He had his own radio programme which made him famous throughout Poland. He was known across the country as the “old doctor”. But he had revolutionary views about the young. He believed in trusting them and giving them responsibility. He got them to produce their own newspaper, the first children’s paper in Poland. He turned schools into self-governing communities. He wrote some of the great works of child psychology, including one called The Child’s Right to Respect.
He believed that in each child there burned a moral flame that if nurtured could defeat the darkness at the core of human nature. When the time came for the children under his care to leave, he used to say this to them: “I cannot give you love of man, for there is no love without forgiveness, and forgiving is something everyone must learn to do on his own. I can give you one thing only: a longing for a better life, a life of truth and justice. Even though it may not exist now, it may come tomorrow if you long for it enough.”
In 1940 he and the orphanage were driven into the Warsaw ghetto.

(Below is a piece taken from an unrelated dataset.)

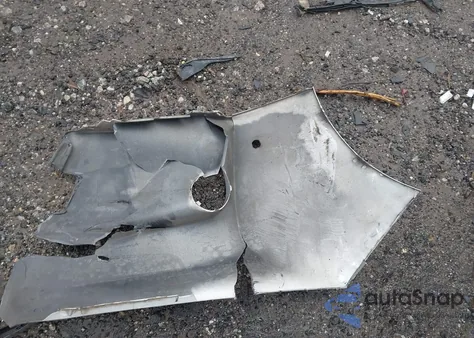 2013 Lexus Rx 350 z USA, uszkodzony, nr VIN 2T2ZK1BA6DC121894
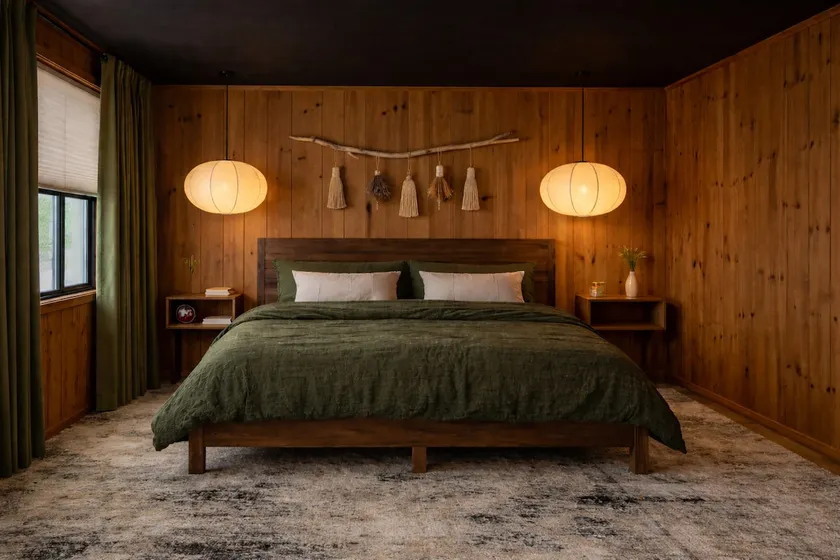 The Juniper Motel & Resort - Image 1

In 1942 the order came to transport them to Treblinka. Korczak was offered the chance to escape, but he refused, and in one of the most poignant moments of those years, he walked with his 200 orphans through the streets of Warsaw to the train that took them to the gates of death, inseparable from them to the end.
Janos Korczak’s actions were not unique; there are many inspirational and tragic stories of similar bravery and determination in the face of such adversity. What draws me to Korczak’s story is that it was about children. The Nazis were determined to not just wipe out the Jews of their generations, but to exterminate the Jewish future.
They failed and many of those children who survived have spent the years since telling their stories, educating Jews and non-Jews about the dangers of intolerance and the need to respect the dignity of difference. These survivors made a commitment to live for what the victims of the Shoah died for.
As a people, we not only share a covenant of faith we also share a covenant of fate. Today, as the number of Shoah survivors sadly declines, the duty of remembrance falls on our generation and on future generations not yet born.
That is why I commend the Jewish News and the Forum for Yom HaShoah UK for working in partnership to raise the profile of Holocaust remembrance within Anglo-Jewry.
Yom HaShoah is a vital day in the Jewish calendar, providing us with a focal point for our remembrance. We cannot bring the dead back to life, but we can bring their memory back to life and ensure they are not forgotten. We can undertake in our lives to do what they were so cruelly prevented from doing in theirs.
In doing so we make a great affirmation of life. We ensure that out of the darkest night, the light of the survivors and their memories remains. Faced with destruction, the Jewish people survived. Lo amut ki echyeh, says the Psalm: “I will not die, but I will live.”
The Shoah survivors are among the most inspiring people I have had the privilege to meet. Remarkably, despite coming eyeball to eyeball with the angel of death, despite the unimaginable losses each of them suffered, so many of them fulfilled the words of Moses’ great command uvacharta bachayim, ‘choose life’ (Deut. 30:19). In doing so, they chose life not just for themselves, but for their children, grandchildren and all future generations of Am Yisrael.
Yom HaShoah calls on us to remember from the depths of our Jewish soul. Janos Korczak was right. Whilst we can remember the past, we cannot write the future. Only our children, the future of our community, can do that.